The Empire State was once a manufacturing powerhouse. Those days faded long ago, stranding large swaths real estate, particularly upstate, and leaving behind the aging artifacts of industrial infrastructure.
In the past several years, Empire State Development and other state agencies have funded a variety of projects that are revitalizing and repurposing the infrastructure of the prior industrial age for the requirements of a post-industrial, digital age.
One of the biggest developments, at least in terms of price tags, is the recently announced $4-billion plan to redevelop LaGuardia Airport.
The airport, wedged between the northern end of the East River and the dense urban landscape of New York City’s borough of Queens, has been much maligned, most recently by Vice President Joe Bidden, who called it a “third world” facility.
Bidden was at the table in July when New York Gov. Andrew Cuomo (D) unveiled the project.

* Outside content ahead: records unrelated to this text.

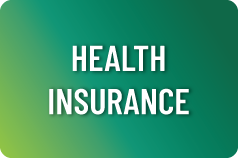 lime and evergreen colored thumbnail with the words health insurance in white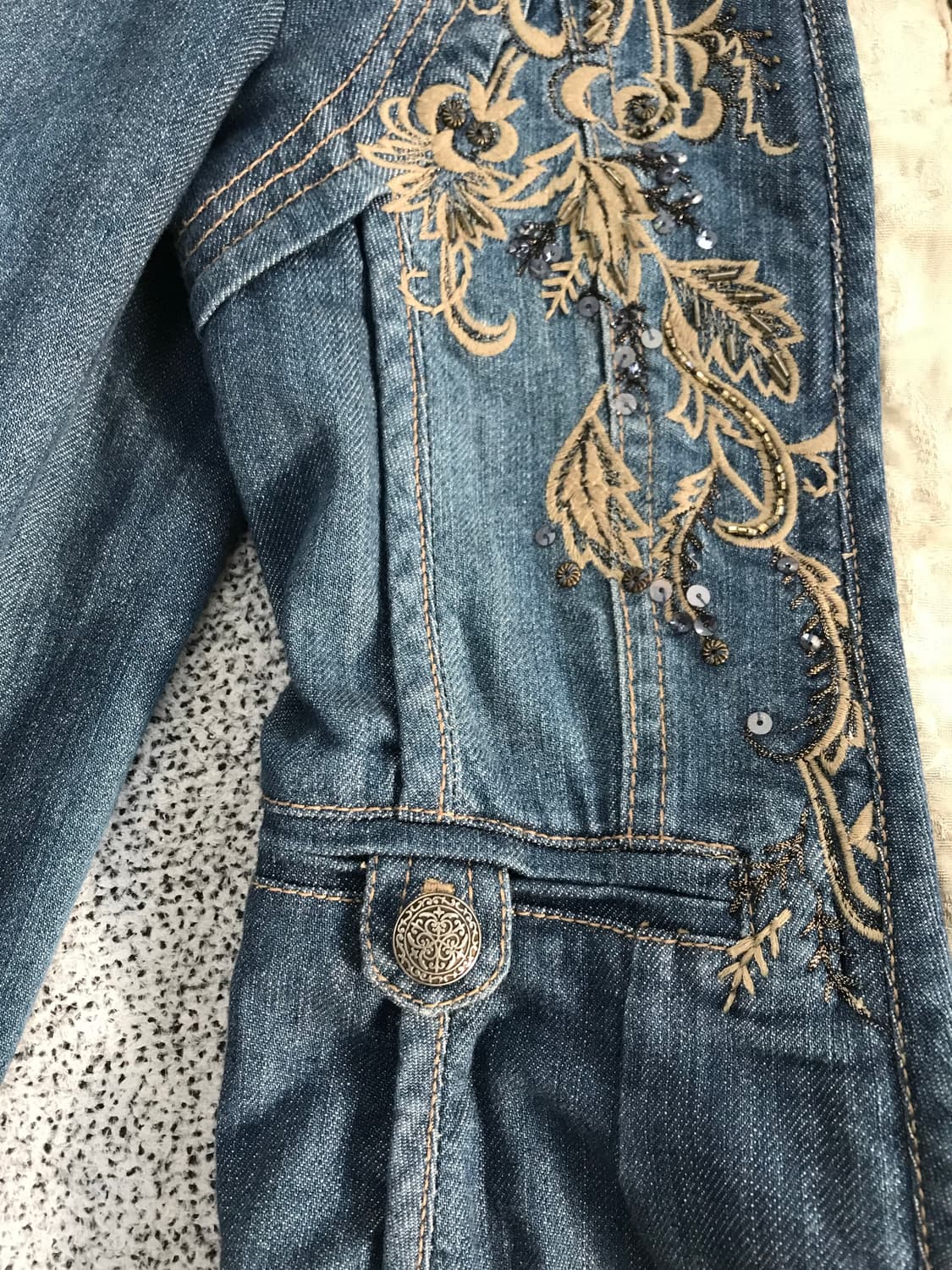 오리엔탈 데님 자켓 상품이미지7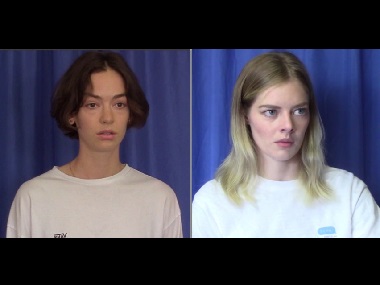 Bill & Ted Face The Music: Brigette Lundy-Paine, Samara Weaving cast as Keanu Reeves, Alex Winter's daughters Bill & Ted Face The Music: Brigette Lundy-Paine, Samara Weaving cast as Keanu Reeves, Alex Winter's daughters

“We are transforming LaGuardia into a globally-renowned, 21st century airport that is worthy of the city and state of New York,” Cuomo said, calling it a metaphor for what “made this the Empire State in the first place.”
The airport is in such poor shape that a two-part plan calls for parts of it to be torn down and rebuilt. The western half of the airport rebuild is being funded by a $4-billion public-private partnership of the Port Authority of New York and New Jersey and LaGuardia Gateway Partners (LGP), with about $2.2-billion coming from private investment through LGP and $1.8-billion coming from the Port Authority.
LGP is a consortium of Vantage Airport Group, a joint venture of Skanska and Walsh Construction, a design joint venture of HOK and Parsons Brinckerhoff, and a global infrastructure investment fund comprising Vantage, Skanska, and Meridiam, which will provide the committed equity investment.
LGP will be responsible for designing, building, financing, operating, and maintaining the new terminal under a 35-year lease.